TASK GOAL
Please give back, word for word, only the lines starting at the one containing "Ricoh Aficio 470w" and ending at the one containing "Предварительный просмотр 177" within the material below.

TASK INPUTS
"""
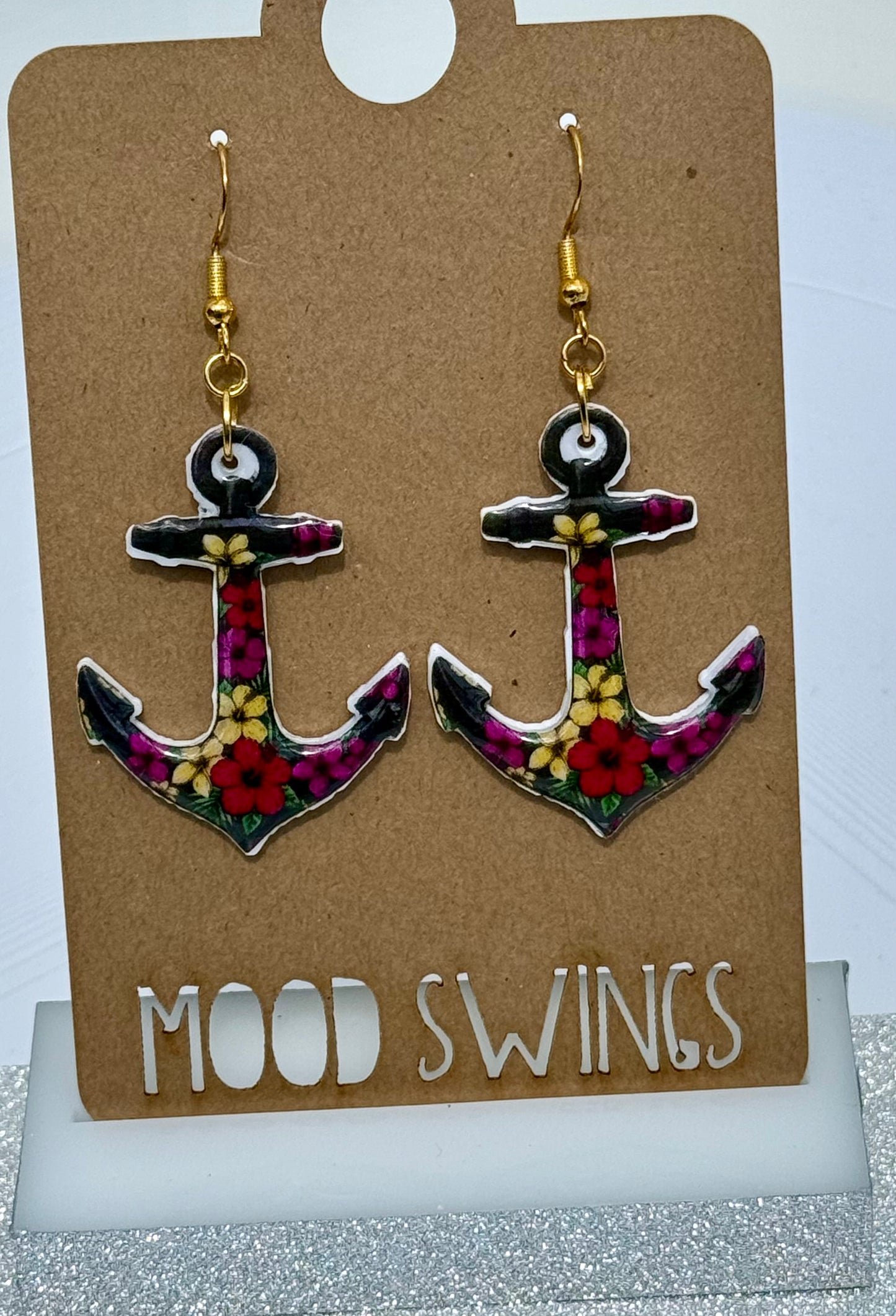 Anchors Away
"""
"""
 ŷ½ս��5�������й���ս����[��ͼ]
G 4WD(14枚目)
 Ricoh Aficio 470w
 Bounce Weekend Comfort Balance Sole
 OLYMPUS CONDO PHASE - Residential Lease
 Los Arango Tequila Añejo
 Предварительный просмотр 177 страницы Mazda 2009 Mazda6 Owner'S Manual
"""
"""
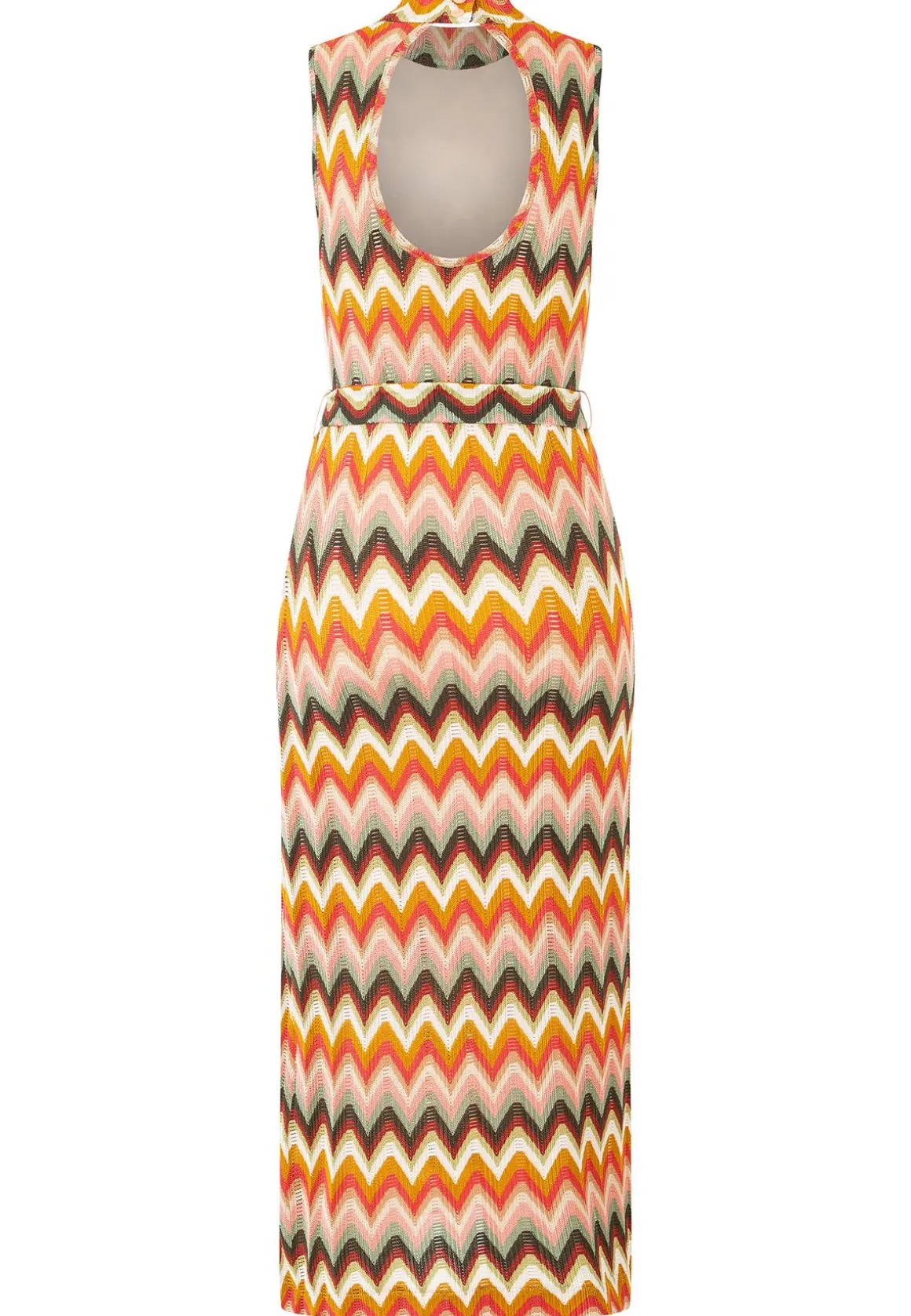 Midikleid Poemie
"""
RESULT
 Ricoh Aficio 470w
 Bounce Weekend Comfort Balance Sole
 OLYMPUS CONDO PHASE - Residential Lease
 Los Arango Tequila Añejo
 Предварительный просмотр 177 страницы Mazda 2009 Mazda6 Owner'S Manual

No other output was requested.